:: YOUR OBJECTIVE ::
Each entry must be restated word for word, with nothing omitted.
· · · ·
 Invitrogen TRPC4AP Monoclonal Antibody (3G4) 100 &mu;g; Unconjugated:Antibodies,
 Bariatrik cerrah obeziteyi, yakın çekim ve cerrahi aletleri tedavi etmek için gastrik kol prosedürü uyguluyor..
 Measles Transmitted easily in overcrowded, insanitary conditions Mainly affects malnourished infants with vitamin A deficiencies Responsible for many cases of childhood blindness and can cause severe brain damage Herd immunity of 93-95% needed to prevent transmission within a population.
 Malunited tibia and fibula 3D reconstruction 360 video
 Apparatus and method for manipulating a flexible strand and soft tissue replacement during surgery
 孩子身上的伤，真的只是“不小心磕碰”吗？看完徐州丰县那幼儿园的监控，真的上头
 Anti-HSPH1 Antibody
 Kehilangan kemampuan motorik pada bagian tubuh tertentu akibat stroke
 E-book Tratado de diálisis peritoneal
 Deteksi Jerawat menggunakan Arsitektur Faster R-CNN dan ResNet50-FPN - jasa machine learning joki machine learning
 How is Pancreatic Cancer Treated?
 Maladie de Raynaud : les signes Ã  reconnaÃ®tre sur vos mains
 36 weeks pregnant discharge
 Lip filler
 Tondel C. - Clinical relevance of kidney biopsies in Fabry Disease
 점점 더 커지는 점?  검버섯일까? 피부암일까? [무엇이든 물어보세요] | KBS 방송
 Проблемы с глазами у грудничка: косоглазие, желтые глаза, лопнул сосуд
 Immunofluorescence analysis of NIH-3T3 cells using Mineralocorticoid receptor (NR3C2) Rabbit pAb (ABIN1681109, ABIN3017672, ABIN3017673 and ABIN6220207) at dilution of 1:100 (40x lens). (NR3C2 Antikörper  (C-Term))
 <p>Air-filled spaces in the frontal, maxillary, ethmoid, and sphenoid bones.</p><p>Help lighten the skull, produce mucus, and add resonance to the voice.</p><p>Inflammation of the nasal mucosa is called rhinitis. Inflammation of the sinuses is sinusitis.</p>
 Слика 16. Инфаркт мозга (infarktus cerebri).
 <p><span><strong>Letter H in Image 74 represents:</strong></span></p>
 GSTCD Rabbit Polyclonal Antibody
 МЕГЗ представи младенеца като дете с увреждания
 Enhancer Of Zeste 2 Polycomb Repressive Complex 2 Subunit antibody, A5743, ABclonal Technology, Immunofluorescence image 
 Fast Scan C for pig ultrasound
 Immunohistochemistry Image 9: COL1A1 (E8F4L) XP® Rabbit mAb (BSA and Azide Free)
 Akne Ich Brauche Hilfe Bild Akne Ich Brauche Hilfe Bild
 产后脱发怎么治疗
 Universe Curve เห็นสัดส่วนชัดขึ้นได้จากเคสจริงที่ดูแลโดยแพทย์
· · · ·
:: OUTPUT ::
 Invitrogen TRPC4AP Monoclonal Antibody (3G4) 100 &mu;g; Unconjugated:Antibodies,
 Bariatrik cerrah obeziteyi, yakın çekim ve cerrahi aletleri tedavi etmek için gastrik kol prosedürü uyguluyor..
 Measles Transmitted easily in overcrowded, insanitary conditions Mainly affects malnourished infants with vitamin A deficiencies Responsible for many cases of childhood blindness and can cause severe brain damage Herd immunity of 93-95% needed to prevent transmission within a population.
 Malunited tibia and fibula 3D reconstruction 360 video
 Apparatus and method for manipulating a flexible strand and soft tissue replacement during surgery
 孩子身上的伤，真的只是“不小心磕碰”吗？看完徐州丰县那幼儿园的监控，真的上头
 Anti-HSPH1 Antibody
 Kehilangan kemampuan motorik pada bagian tubuh tertentu akibat stroke
 E-book Tratado de diálisis peritoneal
 Deteksi Jerawat menggunakan Arsitektur Faster R-CNN dan ResNet50-FPN - jasa machine learning joki machine learning
 How is Pancreatic Cancer Treated?
 Maladie de Raynaud : les signes Ã  reconnaÃ®tre sur vos mains
 36 weeks pregnant discharge
 Lip filler
 Tondel C. - Clinical relevance of kidney biopsies in Fabry Disease
 점점 더 커지는 점?  검버섯일까? 피부암일까? [무엇이든 물어보세요] | KBS 방송
 Проблемы с глазами у грудничка: косоглазие, желтые глаза, лопнул сосуд
 Immunofluorescence analysis of NIH-3T3 cells using Mineralocorticoid receptor (NR3C2) Rabbit pAb (ABIN1681109, ABIN3017672, ABIN3017673 and ABIN6220207) at dilution of 1:100 (40x lens). (NR3C2 Antikörper  (C-Term))
 <p>Air-filled spaces in the frontal, maxillary, ethmoid, and sphenoid bones.</p><p>Help lighten the skull, produce mucus, and add resonance to the voice.</p><p>Inflammation of the nasal mucosa is called rhinitis. Inflammation of the sinuses is sinusitis.</p>
 Слика 16. Инфаркт мозга (infarktus cerebri).
 <p><span><strong>Letter H in Image 74 represents:</strong></span></p>
 GSTCD Rabbit Polyclonal Antibody
 МЕГЗ представи младенеца като дете с увреждания
 Enhancer Of Zeste 2 Polycomb Repressive Complex 2 Subunit antibody, A5743, ABclonal Technology, Immunofluorescence image 
 Fast Scan C for pig ultrasound
 Immunohistochemistry Image 9: COL1A1 (E8F4L) XP® Rabbit mAb (BSA and Azide Free)
 Akne Ich Brauche Hilfe Bild Akne Ich Brauche Hilfe Bild
 产后脱发怎么治疗
 Universe Curve เห็นสัดส่วนชัดขึ้นได้จากเคสจริงที่ดูแลโดยแพทย์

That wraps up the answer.